== Materials provided ==
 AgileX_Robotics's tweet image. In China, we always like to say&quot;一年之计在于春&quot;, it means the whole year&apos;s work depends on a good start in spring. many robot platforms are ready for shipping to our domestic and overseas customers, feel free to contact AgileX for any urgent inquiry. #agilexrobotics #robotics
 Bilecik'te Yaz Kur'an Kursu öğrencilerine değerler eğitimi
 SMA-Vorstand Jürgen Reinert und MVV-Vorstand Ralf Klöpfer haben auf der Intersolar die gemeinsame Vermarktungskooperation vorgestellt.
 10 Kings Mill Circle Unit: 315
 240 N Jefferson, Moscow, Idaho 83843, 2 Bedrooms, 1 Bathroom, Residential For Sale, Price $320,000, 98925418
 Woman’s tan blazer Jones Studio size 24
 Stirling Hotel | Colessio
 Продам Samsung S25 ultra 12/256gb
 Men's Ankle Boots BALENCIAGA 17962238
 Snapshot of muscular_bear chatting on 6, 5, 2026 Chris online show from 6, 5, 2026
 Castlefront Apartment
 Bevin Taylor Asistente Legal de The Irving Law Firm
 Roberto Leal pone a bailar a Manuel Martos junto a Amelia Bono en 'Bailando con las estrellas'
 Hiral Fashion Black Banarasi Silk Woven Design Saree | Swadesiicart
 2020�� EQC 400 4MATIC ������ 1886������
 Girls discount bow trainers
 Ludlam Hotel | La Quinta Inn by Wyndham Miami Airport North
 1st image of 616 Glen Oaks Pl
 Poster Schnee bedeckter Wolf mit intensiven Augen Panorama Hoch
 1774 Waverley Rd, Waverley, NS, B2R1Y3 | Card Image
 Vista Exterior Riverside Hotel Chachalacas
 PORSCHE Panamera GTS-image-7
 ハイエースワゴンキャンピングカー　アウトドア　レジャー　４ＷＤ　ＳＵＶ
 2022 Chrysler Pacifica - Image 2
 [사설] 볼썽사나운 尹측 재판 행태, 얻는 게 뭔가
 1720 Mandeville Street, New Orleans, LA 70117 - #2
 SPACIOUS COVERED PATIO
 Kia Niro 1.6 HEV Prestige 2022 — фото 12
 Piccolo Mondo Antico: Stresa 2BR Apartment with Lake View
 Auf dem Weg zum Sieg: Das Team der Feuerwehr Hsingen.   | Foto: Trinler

== Your instructions ==
The answer is the line with "Продам Samsung S25 ultra 12/256gb" plus every line after it, printed exactly as they appear above.

== Exercise output ==
 Продам Samsung S25 ultra 12/256gb
 Men's Ankle Boots BALENCIAGA 17962238
 Snapshot of muscular_bear chatting on 6, 5, 2026 Chris online show from 6, 5, 2026
 Castlefront Apartment
 Bevin Taylor Asistente Legal de The Irving Law Firm
 Roberto Leal pone a bailar a Manuel Martos junto a Amelia Bono en 'Bailando con las estrellas'
 Hiral Fashion Black Banarasi Silk Woven Design Saree | Swadesiicart
 2020�� EQC 400 4MATIC ������ 1886������
 Girls discount bow trainers
 Ludlam Hotel | La Quinta Inn by Wyndham Miami Airport North
 1st image of 616 Glen Oaks Pl
 Poster Schnee bedeckter Wolf mit intensiven Augen Panorama Hoch
 1774 Waverley Rd, Waverley, NS, B2R1Y3 | Card Image
 Vista Exterior Riverside Hotel Chachalacas
 PORSCHE Panamera GTS-image-7
 ハイエースワゴンキャンピングカー　アウトドア　レジャー　４ＷＤ　ＳＵＶ
 2022 Chrysler Pacifica - Image 2
 [사설] 볼썽사나운 尹측 재판 행태, 얻는 게 뭔가
 1720 Mandeville Street, New Orleans, LA 70117 - #2
 SPACIOUS COVERED PATIO
 Kia Niro 1.6 HEV Prestige 2022 — фото 12
 Piccolo Mondo Antico: Stresa 2BR Apartment with Lake View
 Auf dem Weg zum Sieg: Das Team der Feuerwehr Hsingen.   | Foto: Trinler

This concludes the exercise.